Operation Doom Discography-2006-2017: The Good, The Meh, and The Almost Classic

by Dan-O

 

The Good:

JJ Doom- I knew this album wasn’t for me early in the listening experience. The production style doesn’t fit.  It is very post-Gorillaz (Damon Albarn guests along with Beth Gibbons from Portishead) in its cold robotic bass burbles. Jneiro Jarel is very good at his sound. You can play the wordless Viberian Sun pt. II and understand the value of talent on display. Doom more than matches it. The disjointed nature of the beats just puts him a little off. He knows the pocket of any soul sample better than he does this. All that being said he still rises to the occasion: he starts the last song (Wash Your Hands) with ” Ooh, she got a cool body, damn she got a cool body/What I’m a tell you what to do with your hands for?/Much less your dirty @$$ shoes on the dancefloor?” This is full on grouchy doom warning you about the dangers of drinking tap water and giving you odd takes on gender(“There they go feminizing men again/Then pretend they don’t know when we know it, xenoestrogen.” From GMO). If you enjoy Doom you should listen to it and you might like it more than I do if you are into a more slick alternative version of hip hop production.

The Meh:

NehruvianDoom-I was very excited to hear this collaboration. I am a fan of Nehru and would say he’s an underrated talent. Doom handles the production on all but one track so we are back in that soulful comfort zone. Bishop is a top notch rapper but his lack of theme gives the lyrics presented here a freestyle feel. To put it bluntly: he ain’t Doom. Any project that says DOOM and doesn’t feature enough verses from Doom isn’t great. This one isn’t great. The whole album is surprisingly sleepy and ultimately unimportant. While Jneiro Jarel has (what I would view as) talent oppositional to Doom’s Nehru and Doom make each other boring somehow.

The Almost Classic.

Every truly great rap artist with a reasonably sized career has an almost classic.

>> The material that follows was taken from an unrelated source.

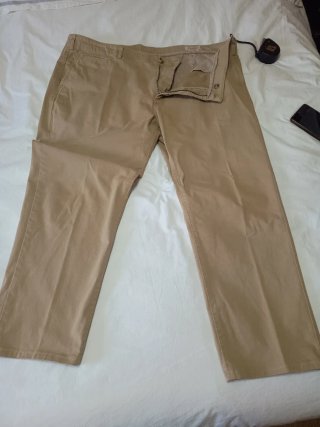 Pantalón Emidio Tucci Beige. Talla 56 de cintura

Jay has Vol. 1, 2pac has his first album 2pacalypse Now, Pete Rock & CL Smooth have The Main Ingredient (the single best example of an almost classic). Definition: everything is right except something which is very wrong. You need to own Born Like This so you can hear J Dilla & Doom collaborate for two of the most gripping moments in the history of music. Gazzilliion Ear  & Lightworks are deadly serious as the master mad scientists push one another: the beat twists and Doom adjusts. It’s not just Dilla, Absolutely is the crackling warm minimal vinyl Madlib groove at its finest. Jake One gives the biggest and best of his boom bap on the one minute and thirty second Ballskin where Doom burns the whole world down with his bars. The guests give the best of themselves and honestly I think Impress Stahhr Tha Femcee(Still Dope) outdoes Ghostface, Raekwon, Slug and anyone else not named DOOM.

The problem is the horribly wrong minded skit Batty Boyz which is unflinchingly homophobic and I just realized that I have a strange British version of the album which follows Batty Boyz with a doubling down on homophobia and transphobia. A song called Costume Foolery which is cut out of the US retail version but tucks in right behind Batty Boyz on my version. It really reaffirms that the skit wasn’t a fluke and Doom has problems with this subject, making a terrible gay voice and clowning man purses. I am of two minds on this: I don’t want to support anyone who makes it harder for oppressed communities or discriminates against any community but I also adore free speech. I don’t really believe in shutting down inappropriate conversation (I am not listening to Nazi rock bands do not take me to extremes). Doom starts the song CELLZ with a reading of Charles Bukowski’s Born Like This poem which gives this album it’s title. I think it is valuable to hear Bukowski read this in the context of Doom. The poem is about the mutating “sourful deadliness” that comes from a lack of good in the world or as Bukowski puts it an “unresponsive god.” The sharp edges of Doom stab us from that very place. Doom is not a villain for fun he is a response to deep scarring we should explore with him in all its ugliness. I’m sure he wouldn’t blame me for letting that ugliness dock points from the overall experience.